Chronological records of elemental concentrations in fish otoliths are a widely used tool to infer the environmental conditions experienced by individual fish. To interpret elemental signals within the otolith, it is important to understand how both external and internal factors impact ion uptake, transport and incorporation. In this study, we have combined chronological records from otoliths and archival data storage tags to quantify the influence of internal (sex, size, age, growth) and external (temperature, depth, salinity) conditions on otolith elemental chemistry of cod ( Gadus morhua ) in natural settings of the Baltic Sea. This study focused on elements primarily under physiological control: Phosphorus (P), magnesium (Mg) and zinc (Zn); and elements under environmental control: Strontium (Sr), barium (Ba) and manganese (Mn). Based on known spatial and temporal patterns in environmental conditions and fish size, growth, and maturity, we posed a series of hypotheses of expected otolith element patterns.
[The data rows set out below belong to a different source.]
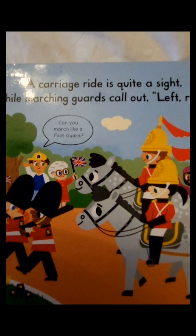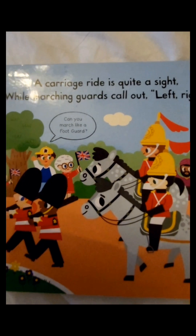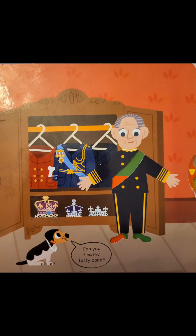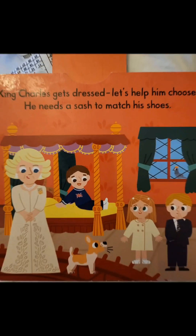A carriage ride is quite a sight while marching guards call out left and right. This simple slider will open and close the curtains. Simple sliders make a book very interesting to read.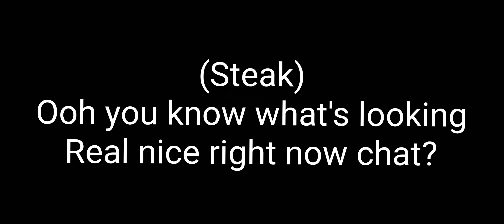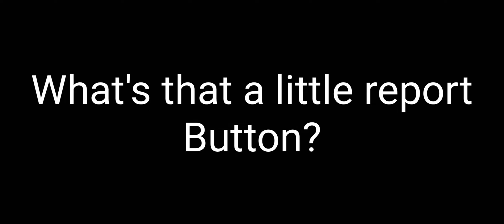You know what's looking real nice right now, chat? Those three little dots right there. Whoopsie, that's weird. What's that, a little report button? Oh, okay. That's strange. Sexual content button is looking real nice right now. I'm gonna just click that.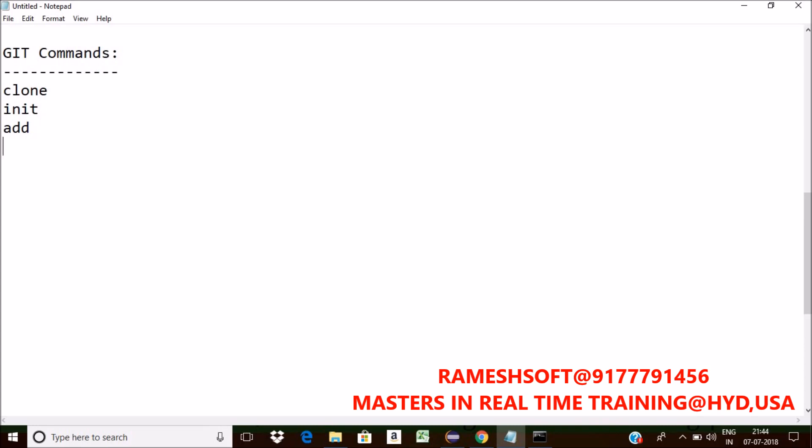Suppose I want to rename a file, we have a command called MV command. If I want to reset the current head to the specified state, we have a command called reset.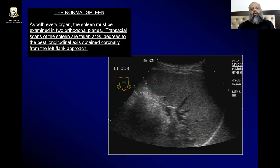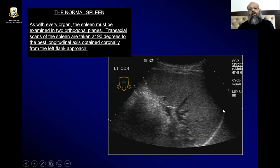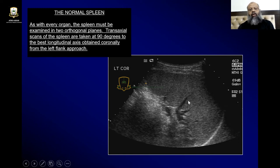Here you can see the coronal view of the left upper quadrant of the abdomen, in which we can see the splenic vessels entering into the spleen, the upper pole with the diaphragm, and the lower pole. As with every organ, the spleen must be examined in two orthogonal planes.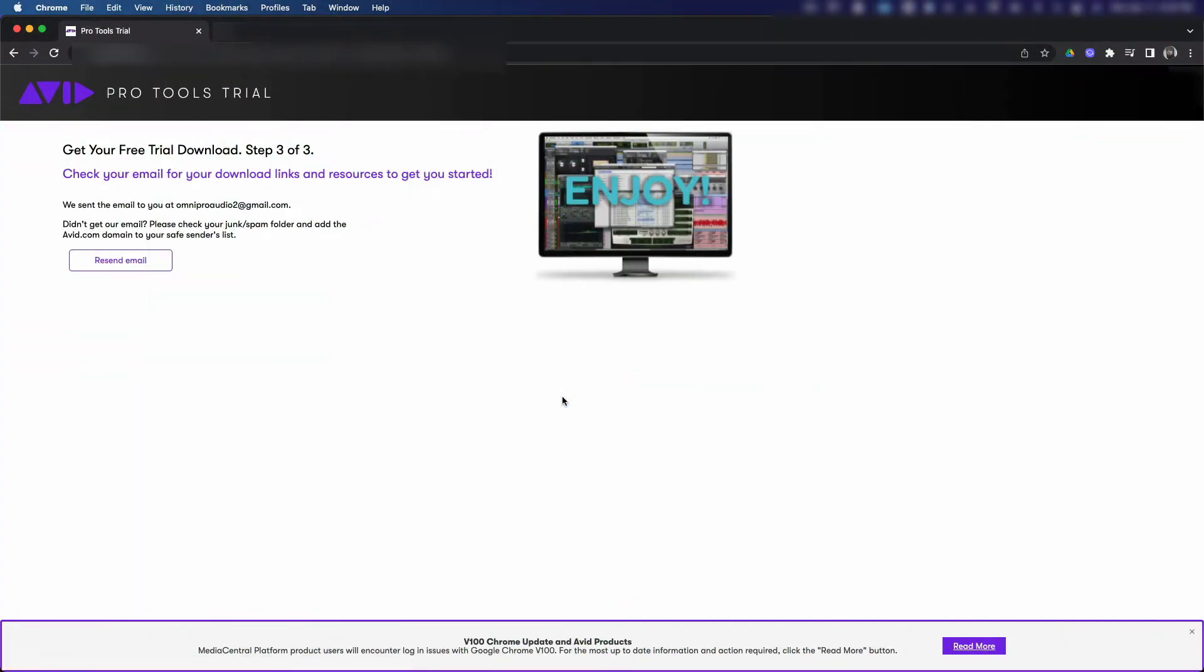There you have it, a little bit over two minutes and 30 seconds. So you mean to tell me that two minutes and 30 seconds has been stopping you from getting into Pro Tools all these years? Come on, bruh. All right, let's move on. I got some more important information for y'all.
Partial effects of internal and external drivers on element concentration were analyzed using a Linear Mixed Model approach with random variables (fish and year). Predicted effects of otolith concentrations of all elements under physiological control (P, Mg, Zn) showed similar trends, with distinct seasonal patterns (lowest concentration in late spring, highest concentrations in winter), and a positive correlation with water temperature, in addition to higher Zn and lower P in spawning individuals. Predicted effects of otolith concentrations of elements expected to be predominantly under environmental control showed the predicted geographic and depth-related trends based on ambient salinity (Ba) and coastal hypoxia (Mn). However, contrary to expectation, Sr was unrelated to salinity. Predicted otolith Ba, Sr and Mn concentrations also exhibited pronounced seasonal patterns that were out of phase with each other but appeared to be partly explained by spawning/feeding migrations. While performing laboratory validation studies for adult fish is typically not possible, these results highlight the importance of assessing local water chemistry and freshwater endmembers in one’s study system before otolith elemental chemistry can be reliably used to reconstruct fish habitat use and environmental histories.